# Paper Mache Ribs... What's your best technique?



## Terrormaster (Sep 27, 2007)

I often study work by other haunters and artists. Not to mimic their style. But to learn new techniques to improve my own work. Like a lot of haunters I often find myself returning to Rot's work - the man is a genius. One of the things he does incredibly well are the ribs. My understanding is that he pretty much works exclusively with natural elements found in nature and paper mache.









_Up Close of Pumpkinrot's Ribs_​
I've found and read numerous tutorials on the subject of paper mache ribs. Pretty much all of them suggest or use rolled newspaper. I've done this on a good bit of my own props with exposed ribs. However once I curve the ribs they almost always end up looking flattened. Yet whenever I come back to Rot's work it's never like that. There's depth and texture. If there's anything I'd love to learn how to do that he does it would be ribs. I dunno, maybe for ribs he's using another technique.

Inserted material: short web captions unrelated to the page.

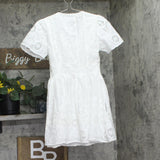 Aqua Womens Embroidered Lace V-Neck Mini Dress IDO14420 White S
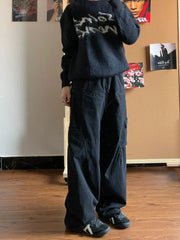 Pockets Elastic Waist Denim Wide Leg Streetwear Pants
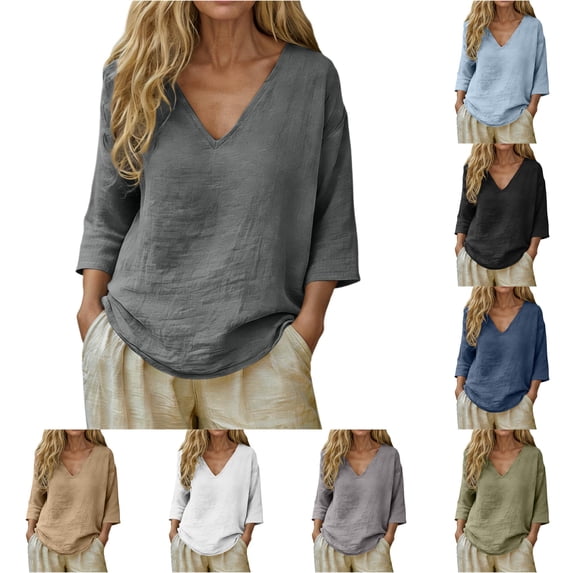 XAOFW Womens T Shirts Fashion Loose Fit Casual Short Sleeve V Neck Tees Summer Everyday Basic T-Shirts Versatile Top S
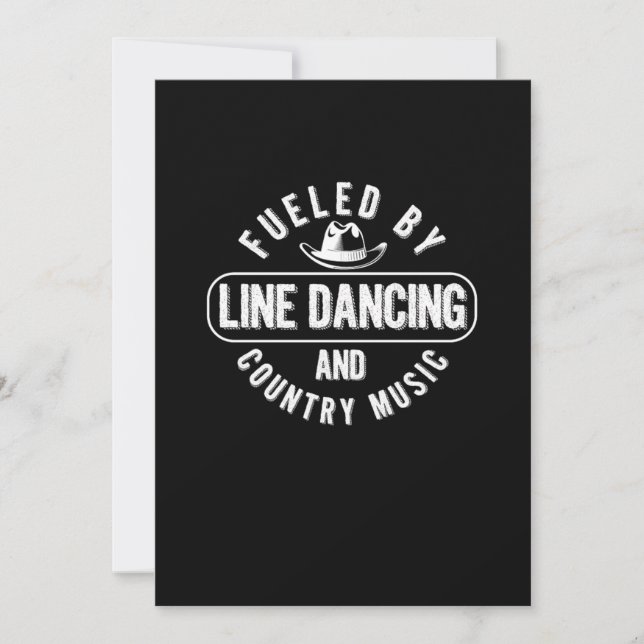 Fuelled By Line Dancing Country Music Cowboy Gift Invitation (Front)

_My Own Rib Work As Seen In 2010's Faegoria Display_​
I would love to hear suggestions from other artists and haunters. What are some of your best ribbing techniques?


----------



## goneferal (Sep 8, 2010)

http://4.bp.blogspot.com/_ZTxPug8sWm4/TSayZR9dIPI/AAAAAAAABbI/1FaoM1sW5yE/s1600/P1040138.JPG
I used plastic tubing for my first skeleton, but I didn't end up using him becasu the ribs were too rounded and even. All my skeletons are made with rolled newsprint ribs and masking tape holding them together (sorry, no good photos). I really like how Rot's look like he used fabric as the mache material.


----------



## RoxyBlue (Oct 6, 2008)

TM, did you roll the newspaper on the diagonal? I think doing it that way reduces the chances of the ribs flattening when you bend them into shape.


----------



## Terrormaster (Sep 27, 2007)

@Roxy: Yup, actually tried it both ways with the same results. Maybe I'm not rolling it tight enough or something. Same thing happened with Aegothotep and I used plastic tubing for his ribs. Although the flatting effect wasn't as noticeable.


----------



## SPOOKY J (Nov 20, 2009)

TM I'm glad you brought this up. I have the same trouble. I just can't get ribs to look as good as other haunters. I always end up covering or heavily corpsing over them because I failed.


----------



## Otaku (Dec 3, 2004)

I use the rolled newspaper method, but I twist the paper ribs as I wrap them in 2" plastic shipping tape. This keeps them from flattening. Here's an example -










You can also overlay the ribs with paper towels/glue to give them more volume. Contrasting colors - as in Rot's pic above - will help to make the ribs better defined.


----------



## NoahFentz (May 13, 2007)

Have you tried emailing him with your question. I asked him how he got the wrinkled textured and he told me he used paper towel and glue/water mache only and it worked. In most cases whenever I asked him a question he has responded with the answer...


----------



## bmaskmaker (May 6, 2010)

I have a couple of ideas ...

I used the rolled and then flattened technique on my $20 prop entry, but I was actually trying to get kind of a flattened look. If you're adding clay, like I did for strength and detailing, you could just round the clay layer to get a more rounded look.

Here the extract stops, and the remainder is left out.